*** Opening of Excerpted records ***

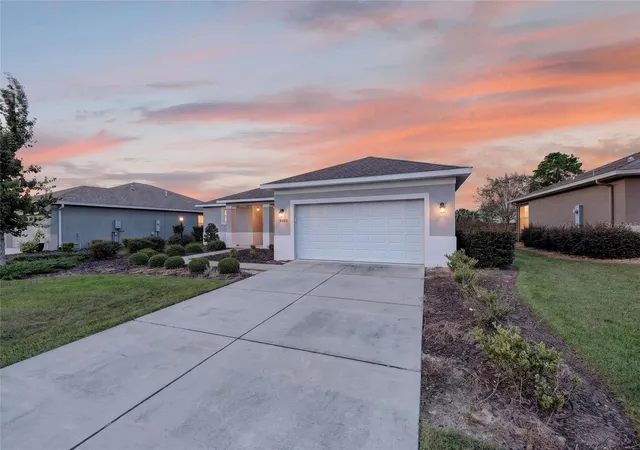 Photo 1 of Single family home for sale at 10589 SW 90th Street Rd, Ocala, FL 34481 | MLS# OM732780 | Listing updated on 2026-09-27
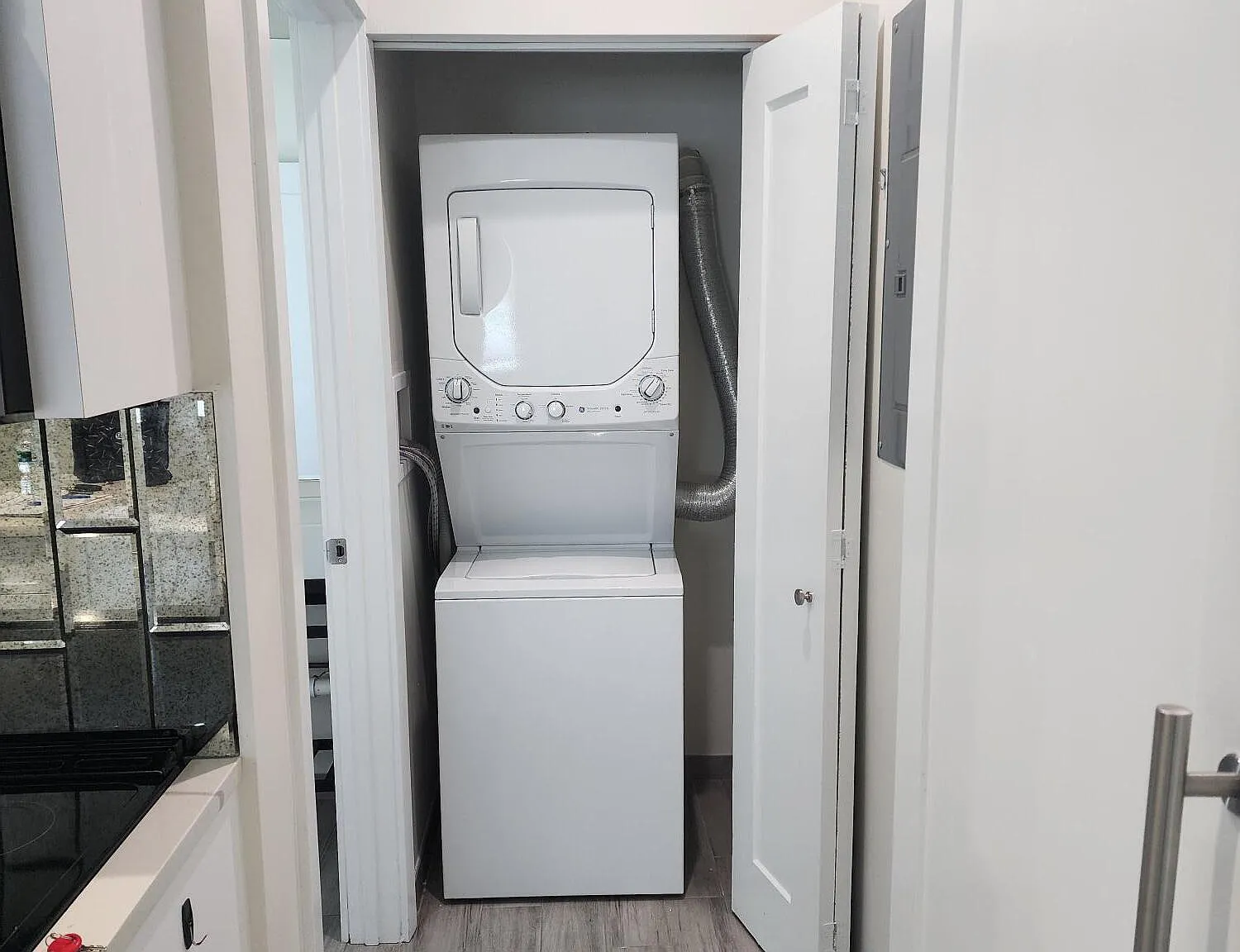1 bed, 1.0 bath, 640 sqft, $1,995 — Photo 3
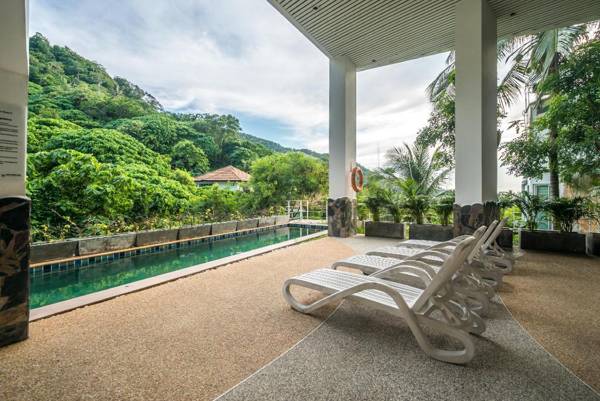 Beautiful sea view apartment in Kata Ocean View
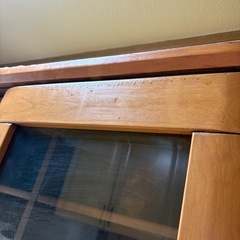 大型食器棚の画像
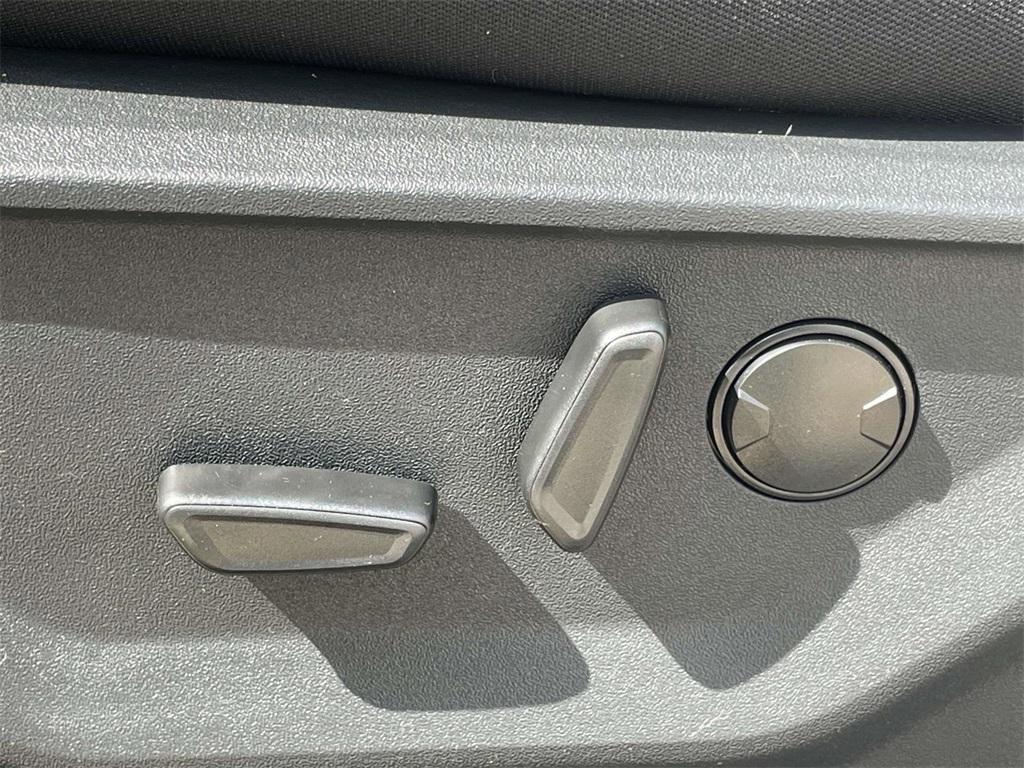 new 2025 Ford F-150 car, priced at $50,398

*** Close of Excerpted records ***

| Problem requirements |
Repeat each of the records exactly as written, except for the pictures, which are to be left out.

| Solution to the exercise |
 Photo 1 of Single family home for sale at 10589 SW 90th Street Rd, Ocala, FL 34481 | MLS# OM732780 | Listing updated on 2026-09-27
1 bed, 1.0 bath, 640 sqft, $1,995 — Photo 3
 Beautiful sea view apartment in Kata Ocean View
 大型食器棚の画像
 new 2025 Ford F-150 car, priced at $50,398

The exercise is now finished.